* EXERCISE
Every line of the records below that has the word "Other" should be copied.

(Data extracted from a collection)
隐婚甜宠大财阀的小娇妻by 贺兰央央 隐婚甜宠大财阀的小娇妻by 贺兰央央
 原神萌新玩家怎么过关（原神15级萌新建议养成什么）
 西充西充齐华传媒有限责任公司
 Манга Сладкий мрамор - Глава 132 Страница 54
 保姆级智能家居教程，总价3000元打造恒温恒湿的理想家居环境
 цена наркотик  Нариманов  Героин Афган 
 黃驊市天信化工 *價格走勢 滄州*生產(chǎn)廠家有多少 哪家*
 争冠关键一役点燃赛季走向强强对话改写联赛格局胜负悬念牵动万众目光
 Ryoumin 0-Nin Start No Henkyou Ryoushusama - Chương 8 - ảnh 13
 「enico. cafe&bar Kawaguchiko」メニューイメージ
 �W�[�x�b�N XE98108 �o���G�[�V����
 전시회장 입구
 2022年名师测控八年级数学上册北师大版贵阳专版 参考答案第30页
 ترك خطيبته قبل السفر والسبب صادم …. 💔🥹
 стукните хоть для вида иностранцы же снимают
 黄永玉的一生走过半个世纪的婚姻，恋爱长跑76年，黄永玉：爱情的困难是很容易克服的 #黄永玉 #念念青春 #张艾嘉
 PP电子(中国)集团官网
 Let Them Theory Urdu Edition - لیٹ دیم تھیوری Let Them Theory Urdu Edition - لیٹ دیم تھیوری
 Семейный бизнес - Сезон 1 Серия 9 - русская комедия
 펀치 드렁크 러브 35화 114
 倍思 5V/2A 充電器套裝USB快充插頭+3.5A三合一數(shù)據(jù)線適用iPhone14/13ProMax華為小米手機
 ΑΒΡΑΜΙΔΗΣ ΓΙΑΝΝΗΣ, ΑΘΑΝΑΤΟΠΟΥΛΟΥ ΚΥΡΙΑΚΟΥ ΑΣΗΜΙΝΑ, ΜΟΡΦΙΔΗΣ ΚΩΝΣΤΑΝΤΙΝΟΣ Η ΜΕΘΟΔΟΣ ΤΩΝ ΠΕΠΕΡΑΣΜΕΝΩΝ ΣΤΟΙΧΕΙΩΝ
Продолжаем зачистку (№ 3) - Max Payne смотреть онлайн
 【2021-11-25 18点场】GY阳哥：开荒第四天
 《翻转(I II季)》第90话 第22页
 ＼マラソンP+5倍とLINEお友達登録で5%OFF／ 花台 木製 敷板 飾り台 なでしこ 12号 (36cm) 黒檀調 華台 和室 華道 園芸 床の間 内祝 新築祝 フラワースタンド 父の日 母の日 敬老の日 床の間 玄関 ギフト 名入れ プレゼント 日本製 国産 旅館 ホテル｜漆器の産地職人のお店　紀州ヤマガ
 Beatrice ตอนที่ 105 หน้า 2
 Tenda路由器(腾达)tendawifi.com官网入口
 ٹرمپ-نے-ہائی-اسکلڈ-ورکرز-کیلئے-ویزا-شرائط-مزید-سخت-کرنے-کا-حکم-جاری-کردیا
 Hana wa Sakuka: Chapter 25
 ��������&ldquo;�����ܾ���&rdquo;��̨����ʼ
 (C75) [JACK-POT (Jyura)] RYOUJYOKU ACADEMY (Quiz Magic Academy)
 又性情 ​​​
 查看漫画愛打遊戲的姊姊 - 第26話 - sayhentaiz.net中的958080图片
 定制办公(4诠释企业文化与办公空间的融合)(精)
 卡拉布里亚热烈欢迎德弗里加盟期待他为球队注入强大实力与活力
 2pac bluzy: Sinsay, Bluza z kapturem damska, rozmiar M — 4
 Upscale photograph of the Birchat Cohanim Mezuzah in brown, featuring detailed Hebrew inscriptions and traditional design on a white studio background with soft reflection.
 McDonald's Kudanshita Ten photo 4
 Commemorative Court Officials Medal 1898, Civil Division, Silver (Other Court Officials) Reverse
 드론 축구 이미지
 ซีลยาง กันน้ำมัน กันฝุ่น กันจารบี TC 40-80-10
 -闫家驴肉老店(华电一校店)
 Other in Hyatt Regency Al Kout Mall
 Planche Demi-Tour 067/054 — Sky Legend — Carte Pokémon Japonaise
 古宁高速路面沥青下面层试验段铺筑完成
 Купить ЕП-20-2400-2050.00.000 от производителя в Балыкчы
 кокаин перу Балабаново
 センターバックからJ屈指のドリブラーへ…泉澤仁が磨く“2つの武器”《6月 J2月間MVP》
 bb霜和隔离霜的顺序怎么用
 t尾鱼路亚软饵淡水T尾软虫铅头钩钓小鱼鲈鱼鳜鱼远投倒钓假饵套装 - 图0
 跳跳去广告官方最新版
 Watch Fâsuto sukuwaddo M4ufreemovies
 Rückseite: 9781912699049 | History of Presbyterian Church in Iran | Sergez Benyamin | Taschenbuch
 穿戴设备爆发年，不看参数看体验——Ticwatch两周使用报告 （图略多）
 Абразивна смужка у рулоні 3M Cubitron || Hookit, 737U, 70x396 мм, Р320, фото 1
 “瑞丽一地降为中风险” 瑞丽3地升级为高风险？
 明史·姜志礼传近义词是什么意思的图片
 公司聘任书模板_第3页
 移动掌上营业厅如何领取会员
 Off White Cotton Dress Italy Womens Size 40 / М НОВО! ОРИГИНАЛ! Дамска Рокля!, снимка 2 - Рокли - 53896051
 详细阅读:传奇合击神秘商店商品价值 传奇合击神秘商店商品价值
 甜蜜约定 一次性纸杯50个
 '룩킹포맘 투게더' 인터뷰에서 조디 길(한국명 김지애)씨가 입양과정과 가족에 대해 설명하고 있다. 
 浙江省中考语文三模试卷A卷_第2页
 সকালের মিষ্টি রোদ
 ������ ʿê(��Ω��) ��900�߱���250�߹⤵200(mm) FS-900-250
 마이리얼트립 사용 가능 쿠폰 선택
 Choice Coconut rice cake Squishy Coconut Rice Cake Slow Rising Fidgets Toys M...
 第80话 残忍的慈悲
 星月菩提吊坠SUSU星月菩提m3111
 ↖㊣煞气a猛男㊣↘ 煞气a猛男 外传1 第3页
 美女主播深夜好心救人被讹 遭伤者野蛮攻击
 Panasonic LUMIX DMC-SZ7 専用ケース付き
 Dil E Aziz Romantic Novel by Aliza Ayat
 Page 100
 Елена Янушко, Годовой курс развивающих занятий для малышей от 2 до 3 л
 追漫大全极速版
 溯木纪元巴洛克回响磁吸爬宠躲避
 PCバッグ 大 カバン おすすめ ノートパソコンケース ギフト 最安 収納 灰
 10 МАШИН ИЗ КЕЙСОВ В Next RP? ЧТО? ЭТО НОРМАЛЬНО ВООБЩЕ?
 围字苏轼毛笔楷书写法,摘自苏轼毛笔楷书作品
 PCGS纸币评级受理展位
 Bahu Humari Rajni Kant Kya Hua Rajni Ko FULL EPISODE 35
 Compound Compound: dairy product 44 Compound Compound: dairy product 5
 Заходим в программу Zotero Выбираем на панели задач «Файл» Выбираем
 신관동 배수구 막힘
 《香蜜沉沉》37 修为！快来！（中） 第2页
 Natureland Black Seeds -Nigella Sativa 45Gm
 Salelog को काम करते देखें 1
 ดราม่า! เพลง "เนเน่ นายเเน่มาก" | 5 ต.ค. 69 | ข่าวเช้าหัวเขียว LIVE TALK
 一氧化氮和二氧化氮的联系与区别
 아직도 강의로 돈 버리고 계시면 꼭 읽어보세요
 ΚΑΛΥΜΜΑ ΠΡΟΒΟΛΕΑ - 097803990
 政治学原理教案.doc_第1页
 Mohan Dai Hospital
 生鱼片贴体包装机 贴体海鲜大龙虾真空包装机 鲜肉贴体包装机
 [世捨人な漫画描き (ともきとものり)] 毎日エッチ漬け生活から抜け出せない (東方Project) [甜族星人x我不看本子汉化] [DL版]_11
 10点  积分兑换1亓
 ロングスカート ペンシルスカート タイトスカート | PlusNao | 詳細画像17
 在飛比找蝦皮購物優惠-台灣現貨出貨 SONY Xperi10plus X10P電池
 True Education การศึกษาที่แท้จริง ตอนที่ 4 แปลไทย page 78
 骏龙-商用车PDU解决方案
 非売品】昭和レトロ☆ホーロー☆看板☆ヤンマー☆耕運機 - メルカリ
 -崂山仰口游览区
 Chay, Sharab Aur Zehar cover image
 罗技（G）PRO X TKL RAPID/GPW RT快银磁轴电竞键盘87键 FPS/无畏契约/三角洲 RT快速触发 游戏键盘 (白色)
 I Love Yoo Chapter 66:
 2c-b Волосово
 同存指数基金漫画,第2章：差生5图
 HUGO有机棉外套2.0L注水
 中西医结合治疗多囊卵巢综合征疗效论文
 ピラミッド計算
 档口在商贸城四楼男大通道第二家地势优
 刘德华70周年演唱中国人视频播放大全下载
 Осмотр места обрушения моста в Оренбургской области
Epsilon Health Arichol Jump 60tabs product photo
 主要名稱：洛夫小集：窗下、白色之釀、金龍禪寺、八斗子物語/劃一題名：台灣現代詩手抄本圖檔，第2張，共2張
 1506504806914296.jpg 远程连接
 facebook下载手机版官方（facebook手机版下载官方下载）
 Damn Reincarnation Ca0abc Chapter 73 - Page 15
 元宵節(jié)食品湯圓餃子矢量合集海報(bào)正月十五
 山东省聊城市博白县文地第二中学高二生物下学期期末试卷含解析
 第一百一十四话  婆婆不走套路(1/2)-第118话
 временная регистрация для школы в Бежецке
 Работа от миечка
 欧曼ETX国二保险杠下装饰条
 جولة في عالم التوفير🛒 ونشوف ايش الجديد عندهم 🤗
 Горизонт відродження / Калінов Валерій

* SOLUTION TO THIS TASK
 Commemorative Court Officials Medal 1898, Civil Division, Silver (Other Court Officials) Reverse
 Other in Hyatt Regency Al Kout Mall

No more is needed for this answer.